Well its been ages since I posted, I'm in the new house now which is lovely.
I've agonized over what to post, and what not to post for a couple of weeks now, but finally feel up to writing this. In fact, I think that it might make me feel a bit better.
Just before we left Cobar we got some awesome news, we were pregnant. For those who were wondering, thats why I didn't follow through with the psych position I applied for. Teaching made much more sense at the time. We told our families as Christmas, altough we weren't sure what was going on as I started bleeding a little on the 23rd and had to rush to Dubbo for a scan. Nothing major showed and we booked another scan for when we were in Griffith seeing Rex's family.

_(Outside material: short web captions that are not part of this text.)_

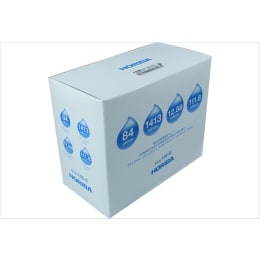 堀場製作所 電気伝導率標準液セット 103-S 3200738718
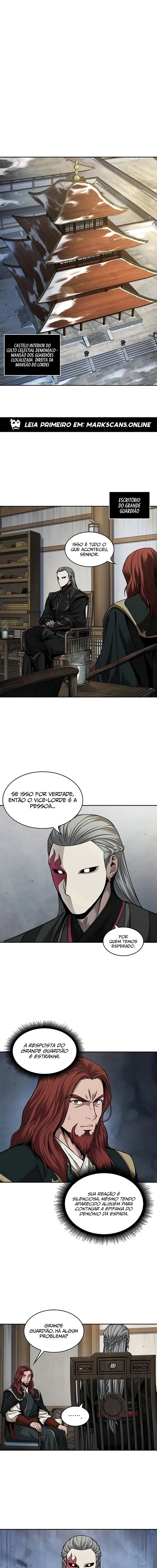 Read Nano Machine PT Manga Online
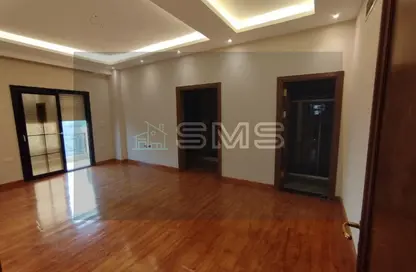 شقة - 3 غرف نوم - 4 حمامات للايجار في امتداد غرب جولف - كمبوندات القطامية - القطامية - مدينة القاهرة الجديدة - القاهرة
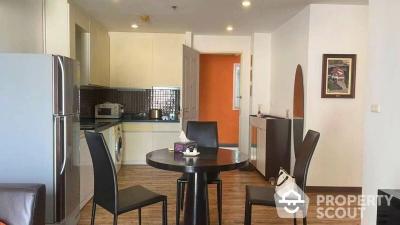 2-BR Condo at Sukhumvit Plus 46 near BTS Phra Khanong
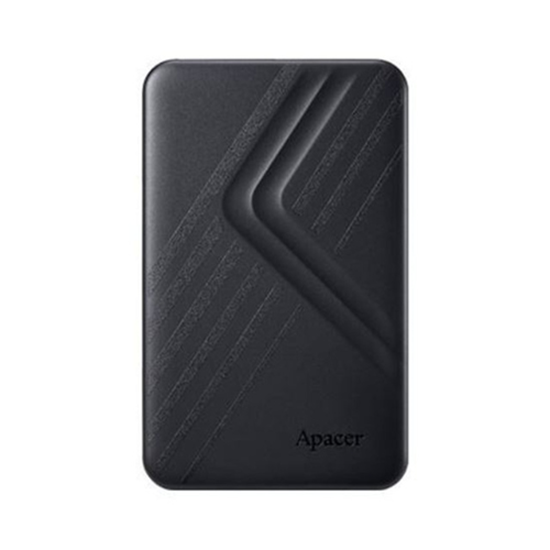 HDD e Jashtme Apacer AC236 / 1TB / 2.5" / USB 3.2 Gen 1 / Portable - Zezë 3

Unfortunately the next scan wasn't so good, but not conclusive, so a third scan was booked once we got to Wagga. This was the final straw. No growth and no baby. Seeing the doctor, I basically had to wait it out. Waiting was the hardest thing I've ever done. Not knowing what was going to happen. Not knowing why it went wrong. Worst of all though was the secrecy around miscarriage.
Dispite so many women saying, 'yeah I've had one' there was very little discussion, even on the net, and lets face it, everything is on the internet. I find it hard to understand the secrecy. It is not something women need to be ashamed of, its not our fault. It was hard, and to then be told by a family member, oh well we went through it, it doesn't really matter, really hurt. Its really not to our credit we hide miscarriage,I mean when I'm having a crappy day because a receptionist demanded to know why I cancelled my obstetrician appointment, or because everyone in the supermarket looks pregnant, why can't I just tell people its because I had a recent miscarriage.
Anyway, maybe no one will read this, but if people do, don't feel the need to hide miscarriage, it can be helpful for others to see the happy endings. I'm yet to have mine, but I'm sure one day, hopefully soon, we will have our child.